BASEL, Switzerland (AFP) - The world's top banking regulatory body on Sunday eased the first global liquidity rules scheduled to start applying to banks in 2015 and aimed at improving their ability to survive financial crises.
The Basel Committee on Banking Supervision said at a press conference here that it had widened the definition of the easy-to-sell assets that banks will have to hold to survive periods of stress.
The Basel III standards had been initially proposed in 2010 but banks and financial institutions have since lobbied intensely to make the rules more flexible and result in lower costs for the sector.
The details of the Liquidity Coverage Ratio (LCR), which was drafted to avoid a repeat of the 2008 banking crisis and unanimously endorsed on Sunday by the Basel group's top oversight body, give the banks a reprieve. Its provisions include a much broader definition of the minimum assets every bank needs to hold, making it less costly for them to maintain the required buffer.
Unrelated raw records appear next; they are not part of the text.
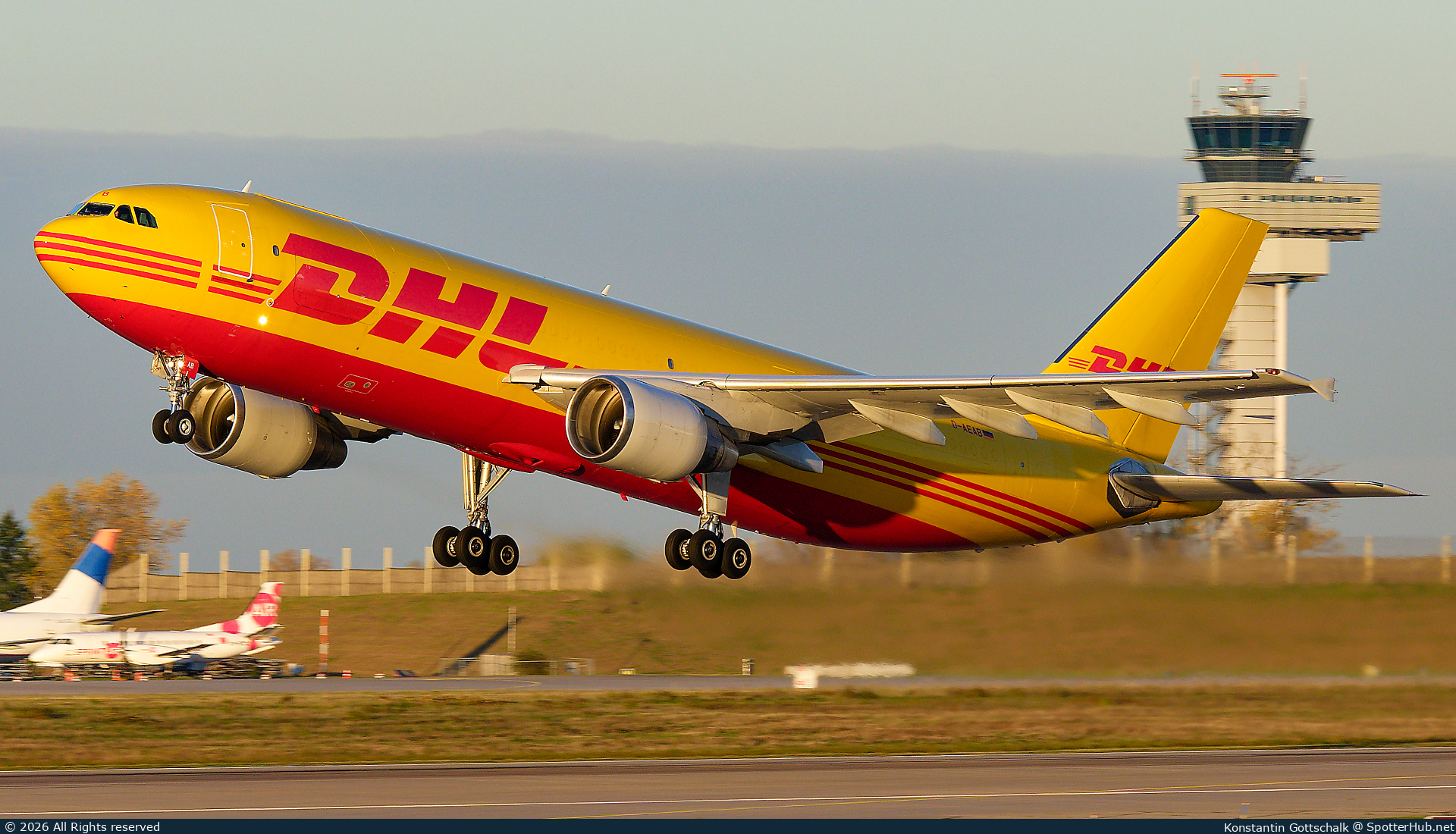 Photo of D-AEAB - Airbus A300B4-622R(F) operated by European Air Transport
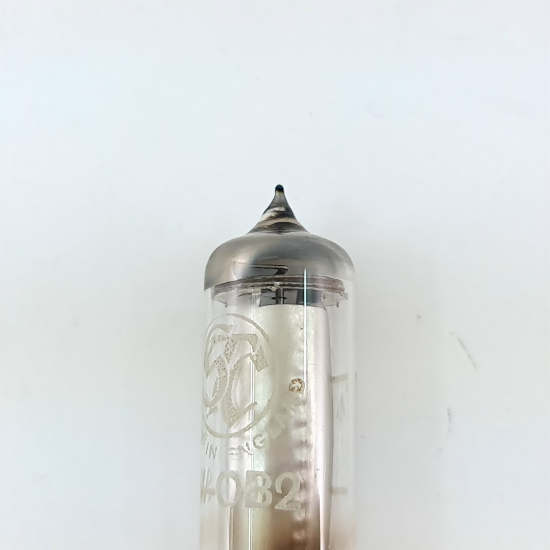 1 X SV-0B2 STC TUBE. MULLARD...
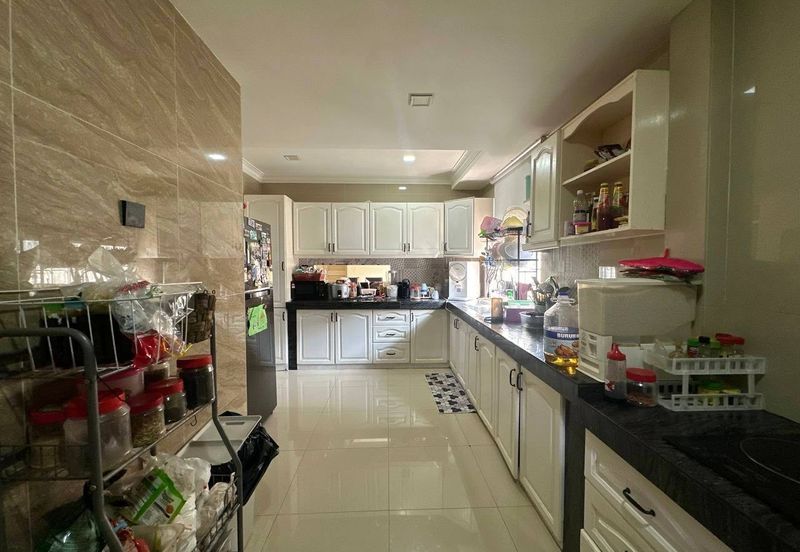 Taman Tasik Semenyih (Lake Residence)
"The changes to the definition of the LCR, developed and agreed by the Basel Committee over the past two years, include an expansion in the range of assets eligible as HQLA (high quality liquid assets)," the committee said.
The new LCR's full details will also be fully implemented only in 2019, instead of 2015 as initially proposed.
"Specifically, the LCR will be introduced as planned on 1 January 2015, but the minimum requirement will begin at 60 per cent, rising in equal annual steps of 10 percentage points to reach 100 per cent on 1 Jan 2019," the Basel group announced.
Mr Mervyn King, Chairman of the Basel group's top oversight body and Governor of the Bank of England, described the agreement announced on Sunday as "a very significant achievement." "For the first time in regulatory history, we have a truly global minimum standard for bank liquidity," said King.
The Basel Committee brings together representatives regulators from 27 nations.
"Importantly, introducing a phased timetable for the introduction of the LCR, and reaffirming that a bank's stock of liquid assets are usable in times of stress, will ensure that the new liquidity standard will in no way hinder the ability of the global banking system to finance a recovery," Mr King said.
Stefan Ingves, chairman of the Basel Committee and of Sweden's Sveriges Riksbank, said the global regulator could now focus on the Net Stable Funding Ration, another pillar of the Basel III reforms.
"The completion of this work will allow the Basel Committee to turn its attention to refining the other component of the new global liquidity standards, the Net Stable Funding Ratio, which remains subject to an observation period ahead of its implementation in 2018," he said.